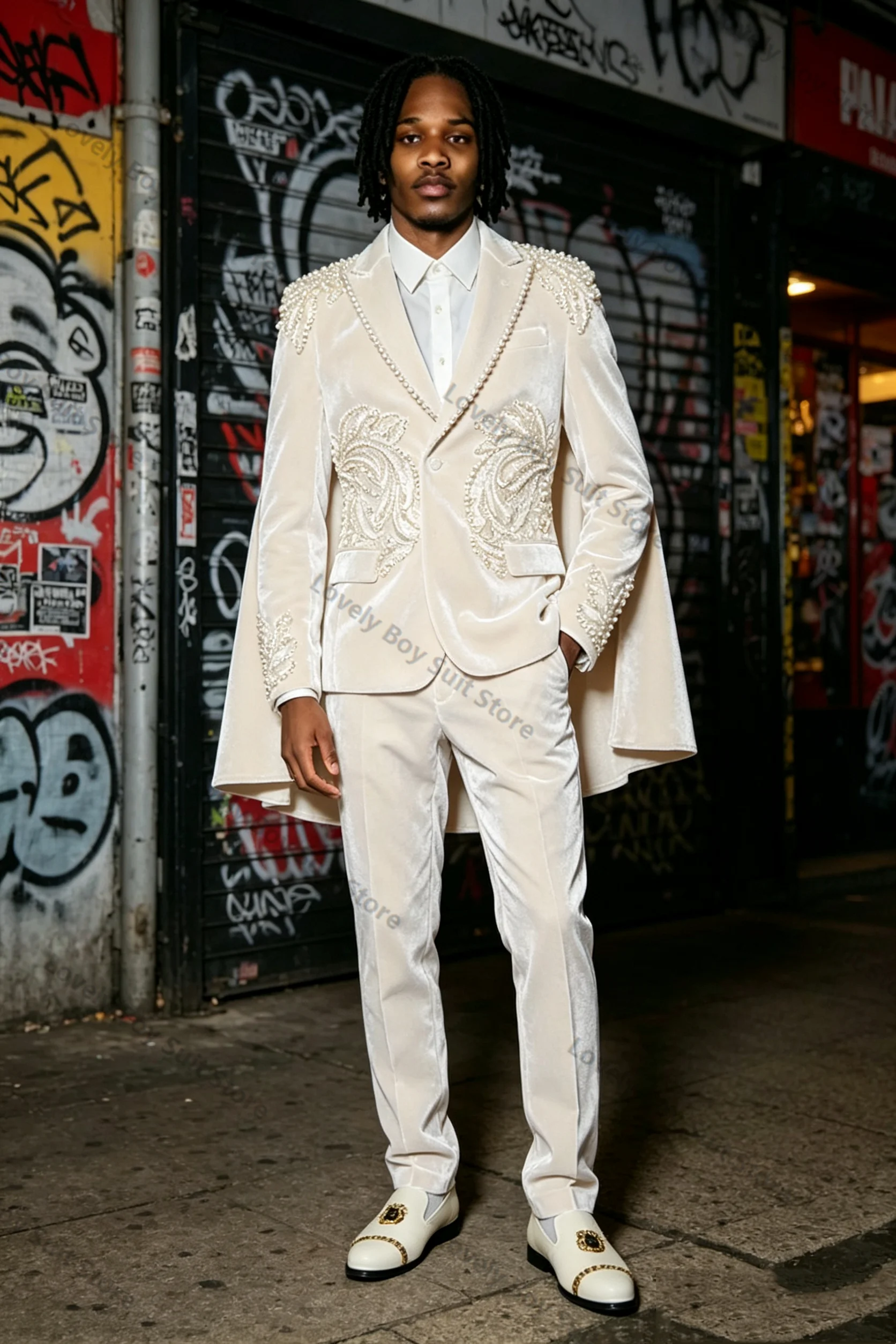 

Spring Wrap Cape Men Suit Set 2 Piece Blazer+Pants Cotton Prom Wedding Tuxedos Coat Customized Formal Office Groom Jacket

----

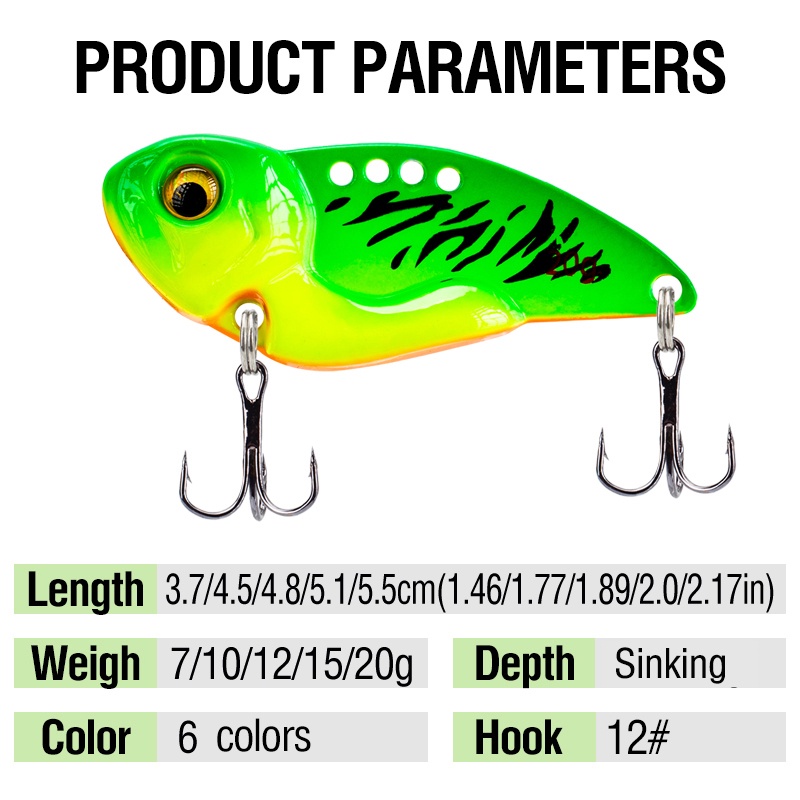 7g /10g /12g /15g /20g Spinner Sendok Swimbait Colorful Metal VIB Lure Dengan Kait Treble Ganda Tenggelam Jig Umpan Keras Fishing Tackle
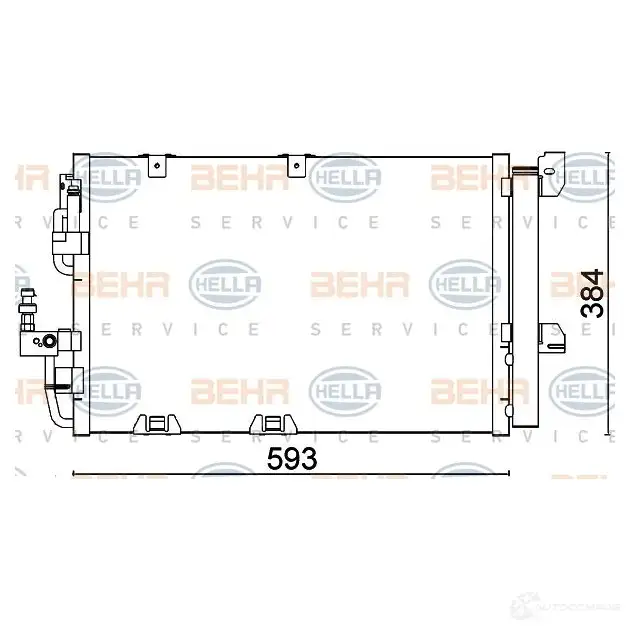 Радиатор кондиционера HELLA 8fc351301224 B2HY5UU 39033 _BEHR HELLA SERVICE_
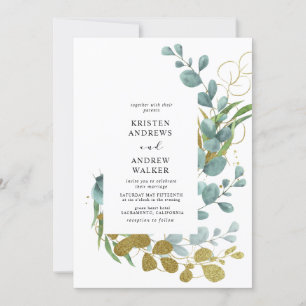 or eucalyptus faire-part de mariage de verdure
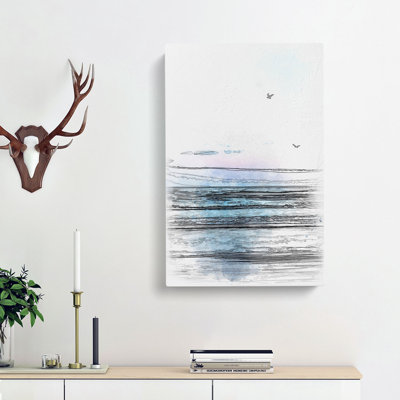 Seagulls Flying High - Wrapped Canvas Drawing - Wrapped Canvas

----

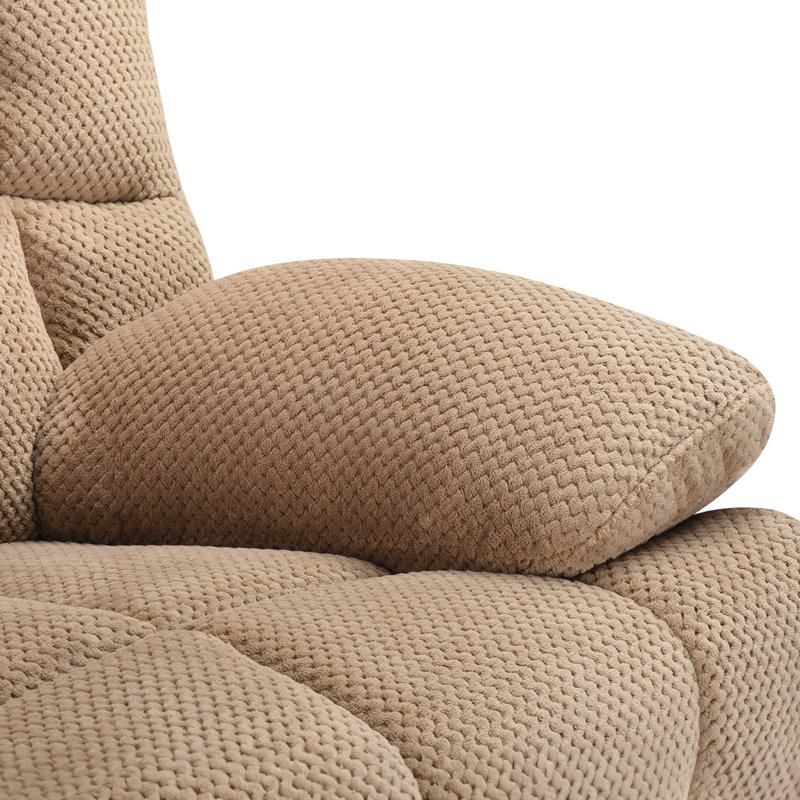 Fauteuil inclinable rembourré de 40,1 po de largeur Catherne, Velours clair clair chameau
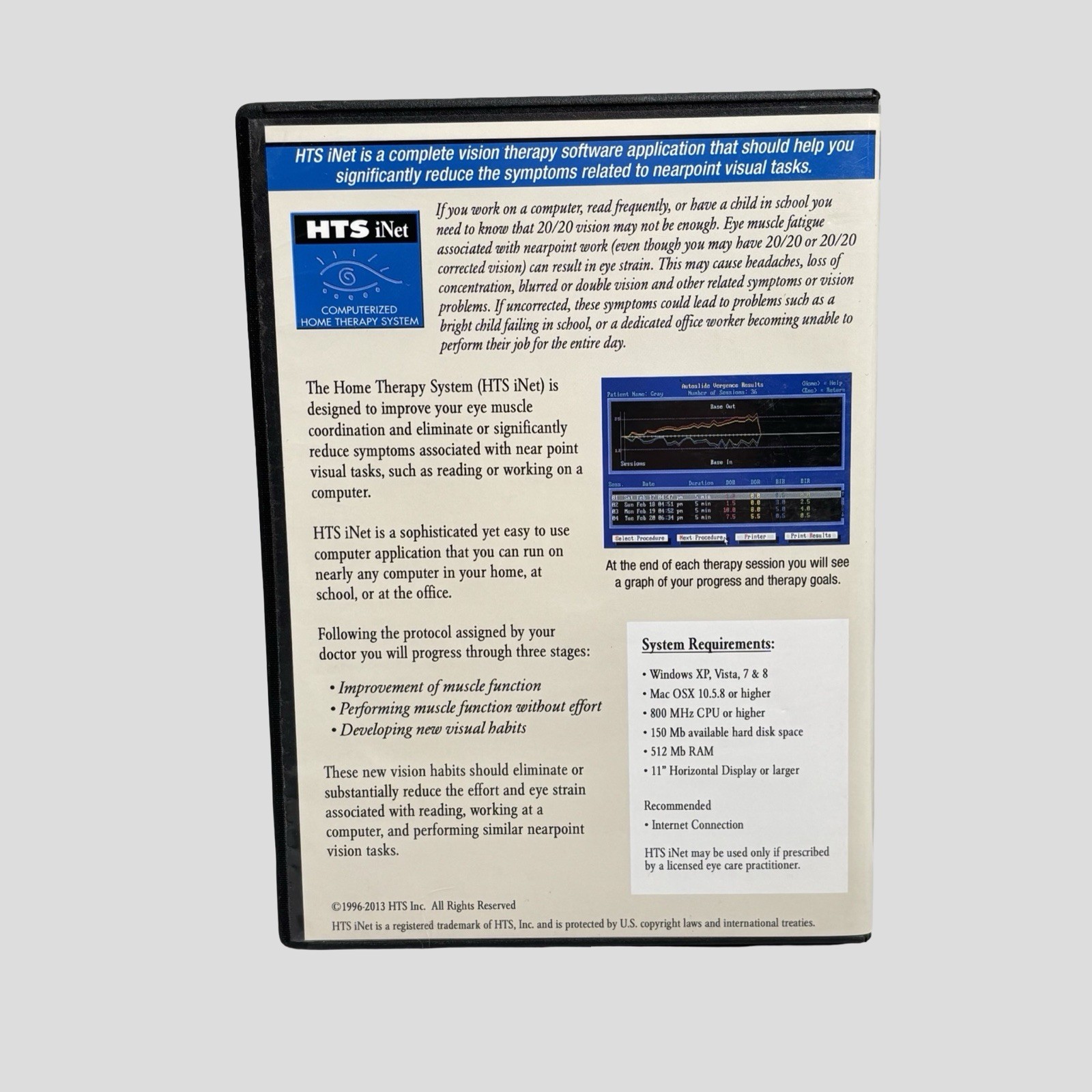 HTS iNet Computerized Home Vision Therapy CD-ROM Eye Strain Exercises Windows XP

----

### Task
The data above holds the lines to copy: start at the one with "7g /10g /12g", stop at the one with "Seagulls Flying High", include both, copy them exactly without pictures, and copy nothing else.

### Expected output
 7g /10g /12g /15g /20g Spinner Sendok Swimbait Colorful Metal VIB Lure Dengan Kait Treble Ganda Tenggelam Jig Umpan Keras Fishing Tackle
 Радиатор кондиционера HELLA 8fc351301224 B2HY5UU 39033 _BEHR HELLA SERVICE_
 or eucalyptus faire-part de mariage de verdure
 Seagulls Flying High - Wrapped Canvas Drawing - Wrapped Canvas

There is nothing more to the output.